I'm unclear on what the problem is. You have an ex that you're working on getting back together with and you keep thinking about either her or "any woman" pegging you.

In all honesty, if any woman would do, why work it out with your ex when you say that isn't going well?
 
Are you confusing submission with getting fucked in the ass? Or is there an element of wanting to be "forced" to take it, suck it.

Separate the two issues. Get back together with your ex because you dig her, not because she's the only woman who ever put on a strap on and fucked you.

Don't think with your cock. Or your asshole or whatever. I've had lust cloud my good judgement.

Good luck.
 
Are you repressing some deeper thoughts such as wanting to explore submission with another man and take a real cock in your ass? Most women aren't dominant by nature, just as most men aren't submissive by nature. Sure there are things that are intriguing going against what nature intended. That's why we have the term "fantasy".
 
Are you repressing some deeper thoughts such as wanting to explore submission with another man and take a real cock in your ass? Most women aren't dominant by nature, just as most men aren't submissive by nature. Sure there are things that are intriguing going against what nature intended.
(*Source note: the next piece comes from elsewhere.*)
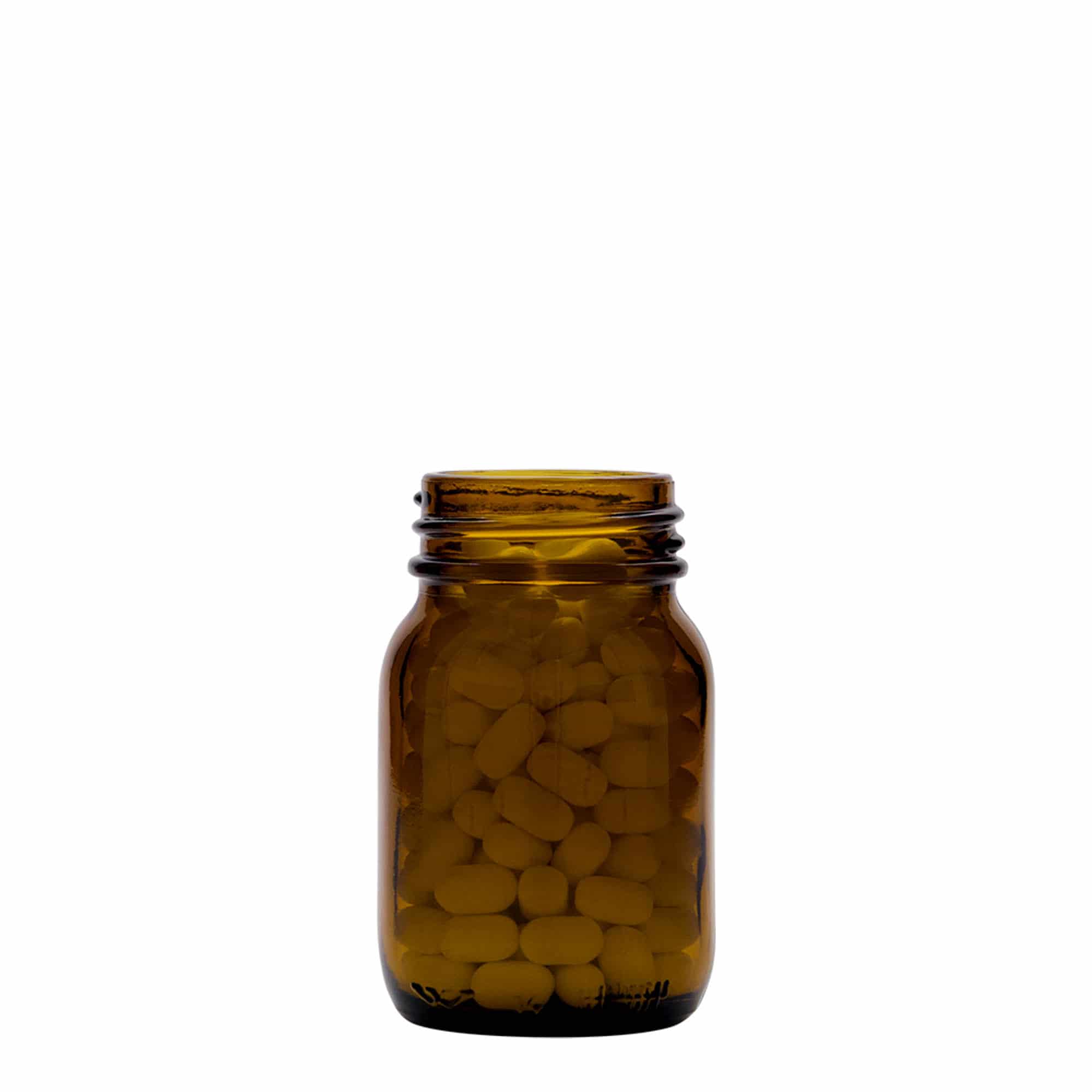 75 ml sticlă cu gât larg, maro, deschidere: DIN 40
That's why we have the term "fantasy".

How do you know this?
 
Is your lust worth not fixing your relationship?

I'm not judging, but seriously asking.

Either don't let your desires overcome your loving her enough to try working things out, or come to terms with your relationship being over, bury it as best you can, and move on. Running out and doing something on impulse without first setting things straight isn't going to help you, but neither is putting bandages on something that bled out long ago.

You need to decide friend. Then you can worry about finding someone else to scratch your particular itch.
 
I don't quite know what you mean by "the problem is.....".

In terms of roles and sexual preferences, it sounds like you know what you want. That is more than a lot of people can say and there is nothing you can do change those urges even if you wanted to. Take that clarity and build on it.

As others have said, seek productive closure one way or another with your ex. If that relationship can endure then that is great. Use this opportunity to communicate and be honest.

If not, you are back on the market with a clear understanding of what you want. Maybe it will be a challenge to find a woman who wants to dominate you. Or maybe it won't. Either way denial is pointless.
 
My guess is the OP isn't coming back. Maybe a wank post?

I hope he does, I always like to hear how things work out.
 
Wanking is good.;)

Super good!

I think it's the nature of the beast that we reply with all these thoughtful suggestions and the OP never comes back. Happens a lot.

There needs to be a wank button. "I'm posting this just to get off! :cool: Don't bother putting time in to a reply!!"